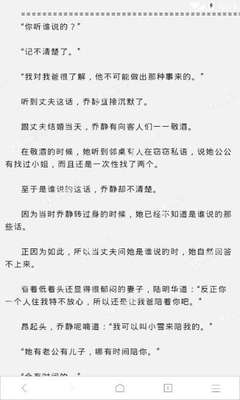 正规买球官方网站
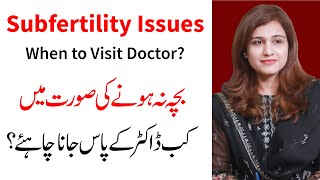 When to visit Gynaecologist for Pregnancy after Marriage  Dr Maryam Raana Gynaecologist [upl. by Bravin319]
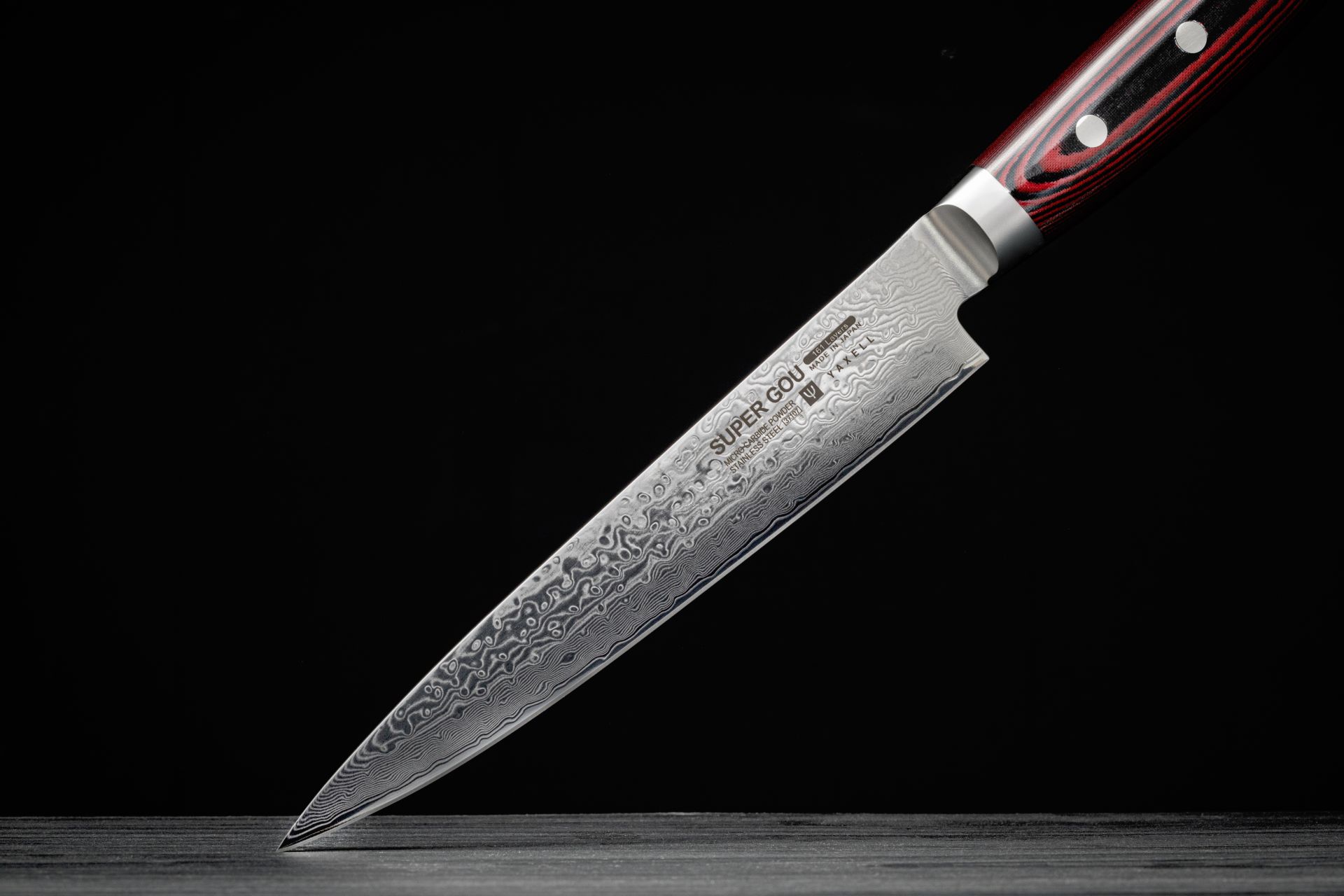 Yaxell Super Gou 161 Filetiermesser 18 cm HP-Y-37107 Profi Kochmesser – Bild 2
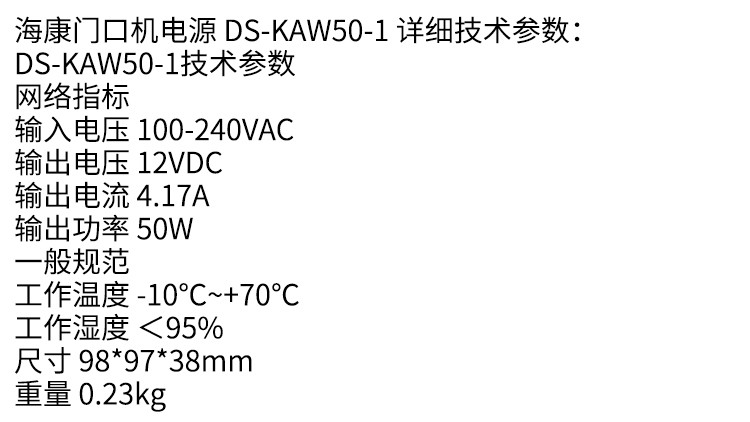 海康威视（HIKVISION）门口机电源 支持短路 过负载 过电压保护 DS-KAW50-1（无机箱）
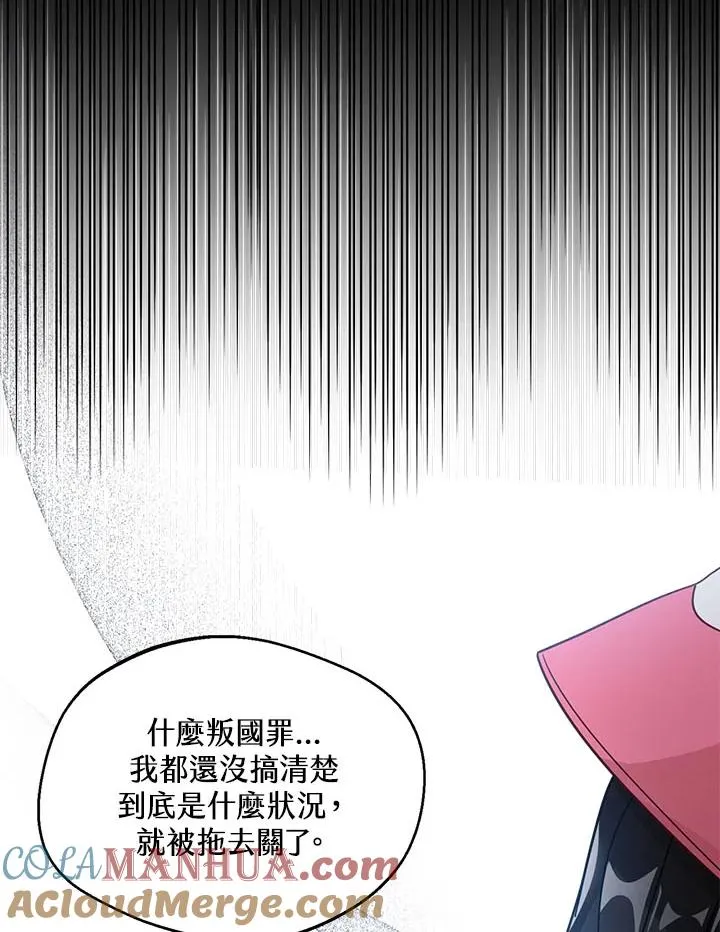 第16话 第69页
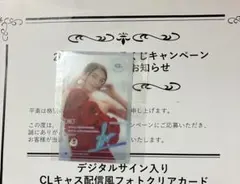 2026年最新】clくじの人気アイテム - メルカリ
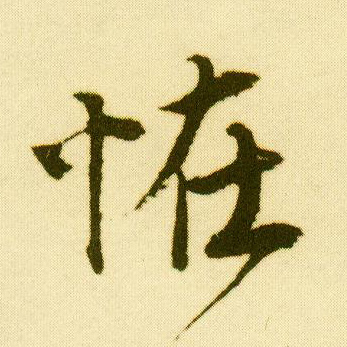 �������ϸ����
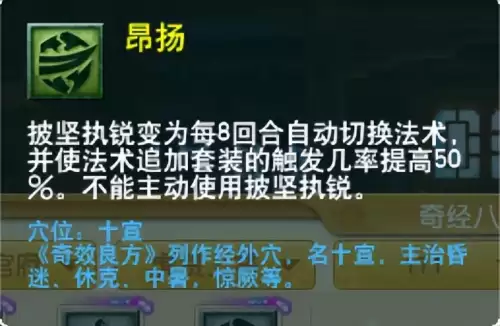 梦幻西游门派大改几月　梦幻西游大改没人了-第2张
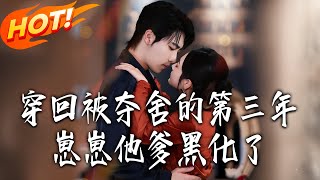 穿廻被奪捨的第三年，崽崽他爹黑化了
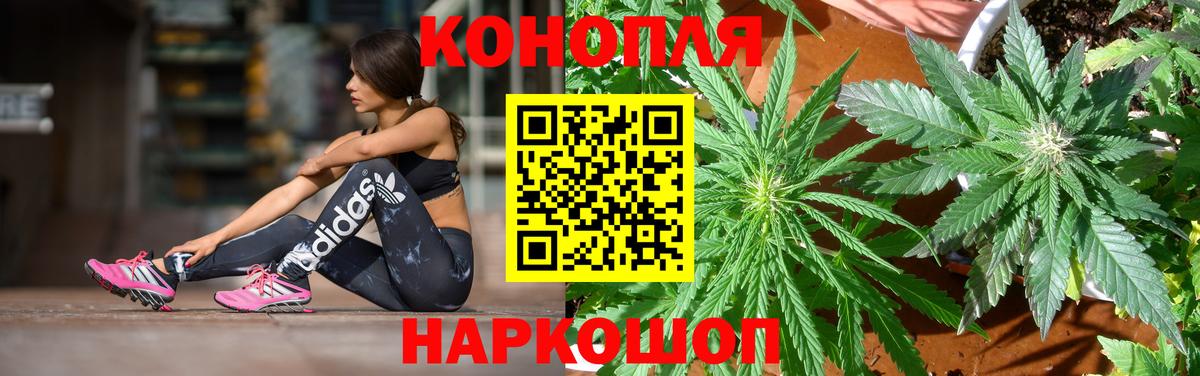 Каннабис VHQ Усинск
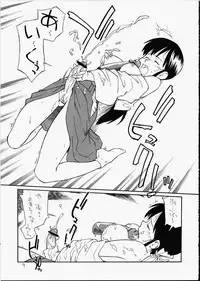 [Hinemosuan (Hinemosunotari)] Miko Kagura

□ □ □ □ □ □ □

Please output the records above exactly, without the pictures.

 正规买球官方网站
 When to visit Gynaecologist for Pregnancy after Marriage  Dr Maryam Raana Gynaecologist [upl. by Bravin319]
 Yaxell Super Gou 161 Filetiermesser 18 cm HP-Y-37107 Profi Kochmesser – Bild 2
 海康威视（HIKVISION）门口机电源 支持短路 过负载 过电压保护 DS-KAW50-1（无机箱）
 第16话 第69页
 2026年最新】clくじの人気アイテム - メルカリ
 �������ϸ����
 梦幻西游门派大改几月　梦幻西游大改没人了-第2张
 穿廻被奪捨的第三年，崽崽他爹黑化了
 Каннабис VHQ Усинск
 [Hinemosuan (Hinemosunotari)] Miko Kagura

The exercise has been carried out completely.